In the records below, find the line containing "2026 Audi Q3" and transcribe it and every line after it exactly; leave the pictures out.

○ ○ ○ ○

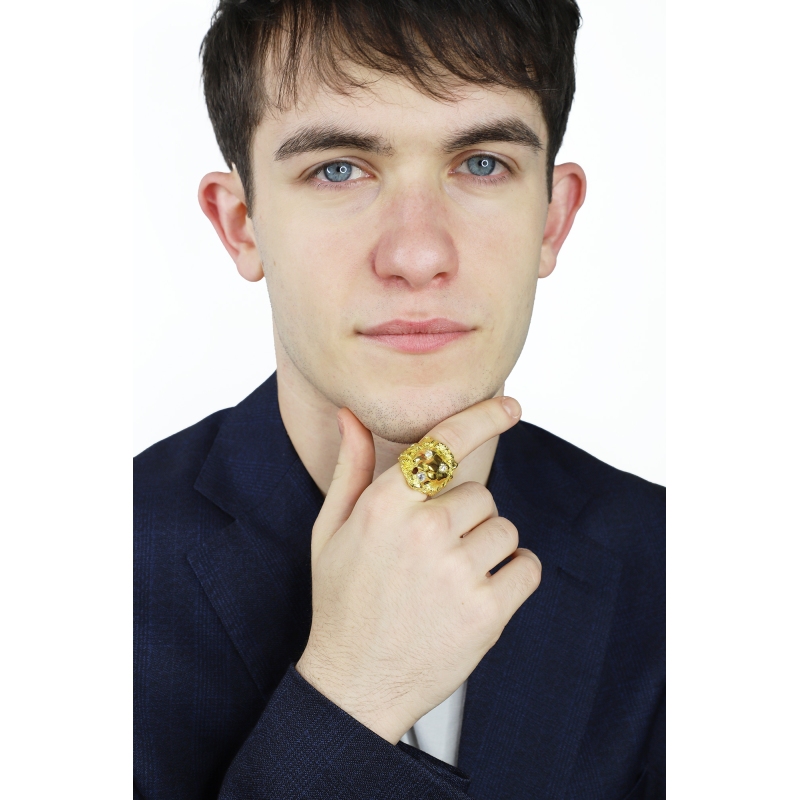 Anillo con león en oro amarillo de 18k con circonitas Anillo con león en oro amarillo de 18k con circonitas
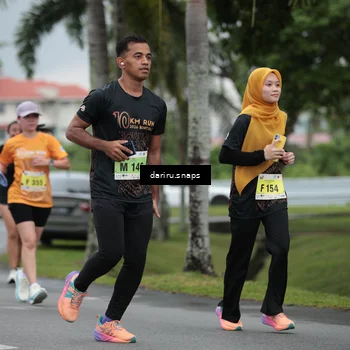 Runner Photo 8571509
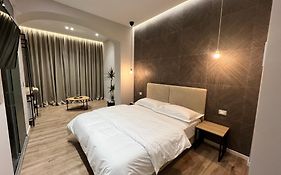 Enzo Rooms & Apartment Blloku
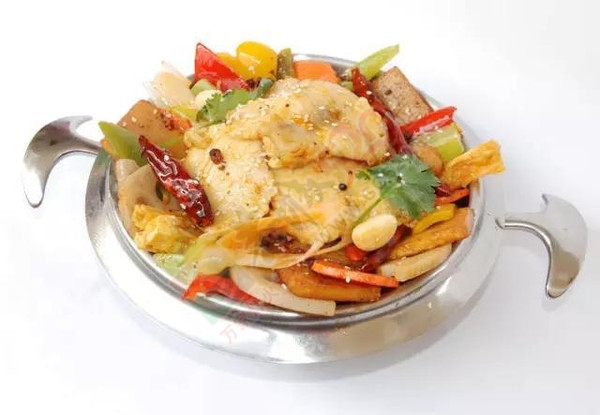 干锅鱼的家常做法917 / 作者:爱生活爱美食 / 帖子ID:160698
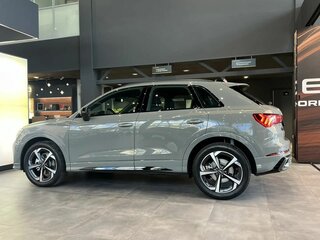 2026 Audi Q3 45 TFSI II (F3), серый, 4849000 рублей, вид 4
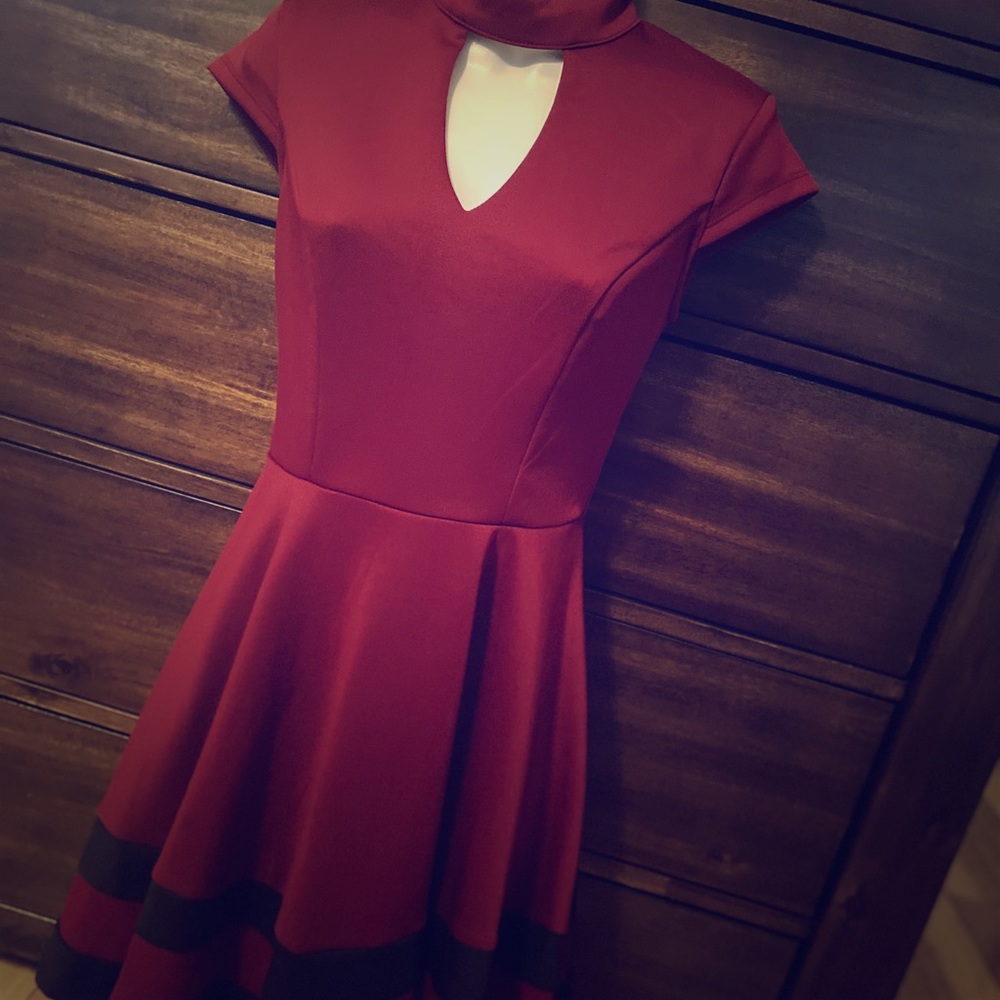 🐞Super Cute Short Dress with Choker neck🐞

○ ○ ○ ○

**YOUR RESPONSE**
 2026 Audi Q3 45 TFSI II (F3), серый, 4849000 рублей, вид 4
 🐞Super Cute Short Dress with Choker neck🐞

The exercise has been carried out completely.